The foot pad is interchangeable. Switch sides to fit your personal needs.
Made from quality components the specs for the Hoss Garden Fork are Overall length: 42”, Tine length: 11”, and Weight: 7 lbs.
How to Use a Garden Fork
This tool has many purposes in the garden. Due to the thicker tines of a garden fork versus a pitchfork, it excels at digging in the ground. A pitchfork is best for picking up loads of items and the garden fork is made for tasks with the dirt. However, in a pinch of course you can do those tasks with either tool.
When digging with the fork place the tines where you want to dig. Use your foot to push the tines all the way into the soil as deep as you can. Then pull back on the handle. The soil should crack and begin to break apart. When harvesting vegetables you want to then try and pull the crop out of the soil. If it does not come out free and easily, use the fork to loosen the soil even more.
When breaking up soil during garden prep. Press all 11″ of the tines or as deep as you can and then pull the handle back to loosen and break the ground. This is similar to the action you can achieve with a broadfork.
Best Task for Garden Forks
The #1 reason to have a digging fork is for harvesting root vegetables. I have one of these strong and sturdy tools in our backyard garden tool shed.
The tool is also good at turning garden beds, and cultivating and aerating the soil before planting. A common use for the spading fork is while preparing a garden bed.

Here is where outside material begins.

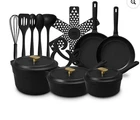Thyme & Table 15-PIECE Non-stick Hard Anodized Cookware Set Black New. Price: $136.00.
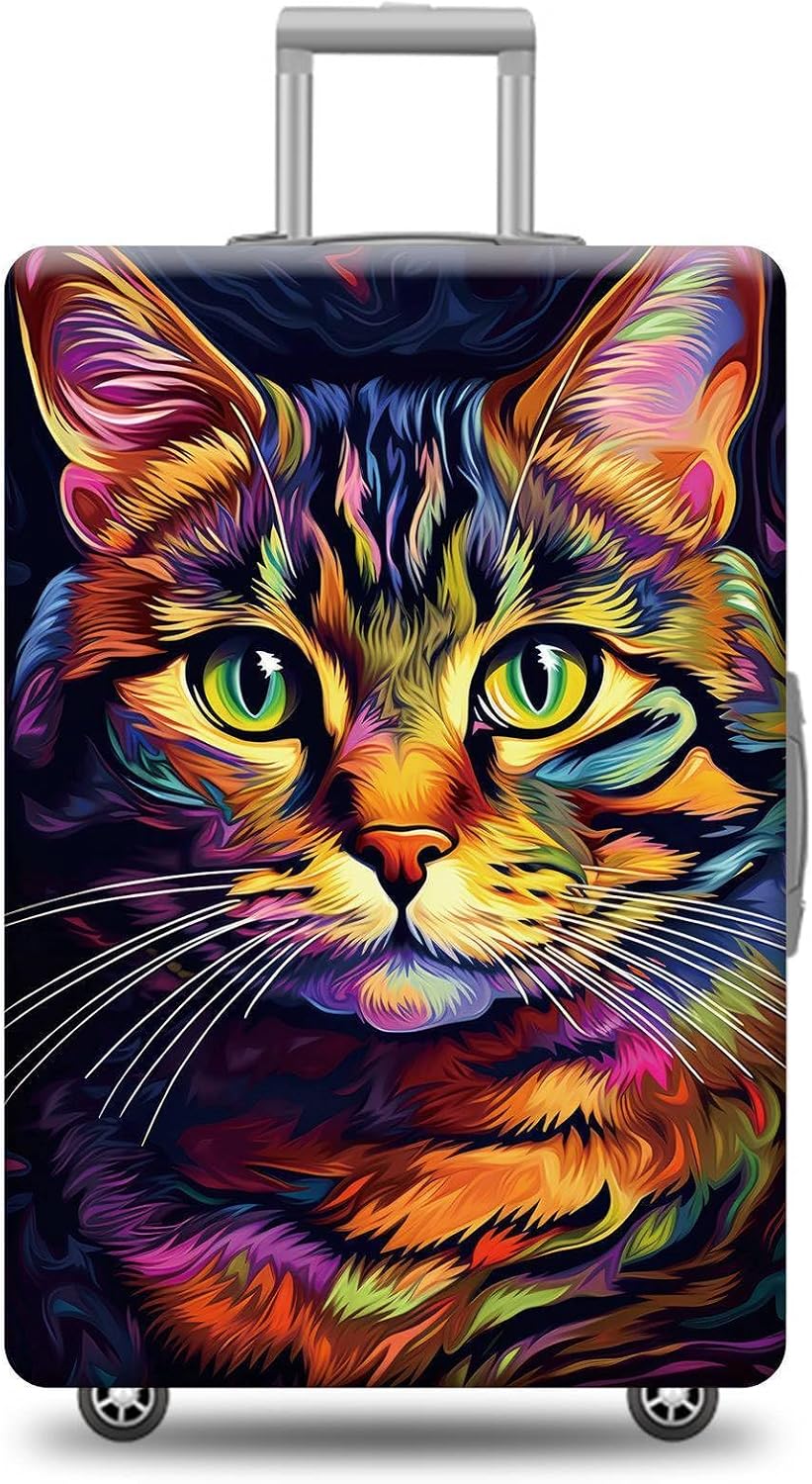 Personalized Luggage Cover Cute American Wirehair Cat Suitcase Protector Washable Elastic Baggage Cover For Pet Lovers Fits 18"-32" Luggage Style 7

Use a garden wheel hoe to remove the weeds and cultivate the top 4 inches of soil. Then follow up with the digging fork to loosen up the soil to a deeper degree. Push the fork tines down into the soil and pull the handle back 4 to 6 inches to crack the soil up deeper. This aerates the soil and is a good way to create deeper openings for soil amendments, compost, and water to flow into when getting ready to plants.
It will also work to move piles of woodchips, and mulch, and turn a compost pile.
Root Vegetable Harvesting
Harvesting root vegetables with one of these instead of a shovel is the way to do it. Push the fork deep into the ground near where the roots or tubers are hiding. Pull back on the fork to loosen the soil. Pull the plants with the root vegetables attached. This is all you need to do to harvest garlic, onions, and carrots.
When digging potatoes it will require forking around the soil a little bit to search out any additional tubes that were missed. I generally, break up the soil clumps a little more with the tool and then search with my hands in the loose soil for any small or extra potatoes that I have missed. Once the soil is loosened come back through with a potato rake to dig through the soil and pull out any potatoes you have missed.
Garden Fork Moves Mulch and Compost
The garden fork is a good back up tool for moving materials in the garden. While similar to the pitch fork for tasks besides digging in the ground it will work, but due to the limited number of tines it will not hold as much material as a pitchfork or a manure fork.
Load Woodchips into Wheelbarrow Loads
A pitchfork is my preferred tool for loading wood chips into a wheelbarrow. However, the garden fork is much better than a shovel for wood chips. The fork will slide into the pile easily and you can lift up chunks of chips to fill the wheelbarrow.
Move Mulch Piles
When moving mulching materials around the backyard a fork will work well. Again, similar to woodchips the pitchfork with its additional tines that are narrower in diameter is better, but the garden fork works well.
Turn Compost Piles
The garden fork works very well for turning a compost pile. Every urban homesteader should have a compost pile either a corner of their lot or around their chicken flock. We compost in our chicken run, but before we had the chickens we had a traditional pile. The various sizes and type of material is easily picked up with the garden fork when it is time to move the pile around to continue the process.
Clear Chicken Runs
Use a garden fork to quickly move chicken bedding and run ground cover. We put a lot of food scraps into the corner of our chicken and duck run. This material gets wood chips incorporated into them. The chickens will kick everything around to get at the good bits of the compost and uncover any worms and bugs they can find. A fork is a good tool for pushing everything back together as a pile and adding on more compost scraps, weeds from the garden, and wood chips from the pile.
Clean Animal Living Areas
Our chickens and ducks require woodchips in their run and straw in their living quarters. I generally use the pitchfork to scoop out the straw and woodchips when cleaning their living quarters.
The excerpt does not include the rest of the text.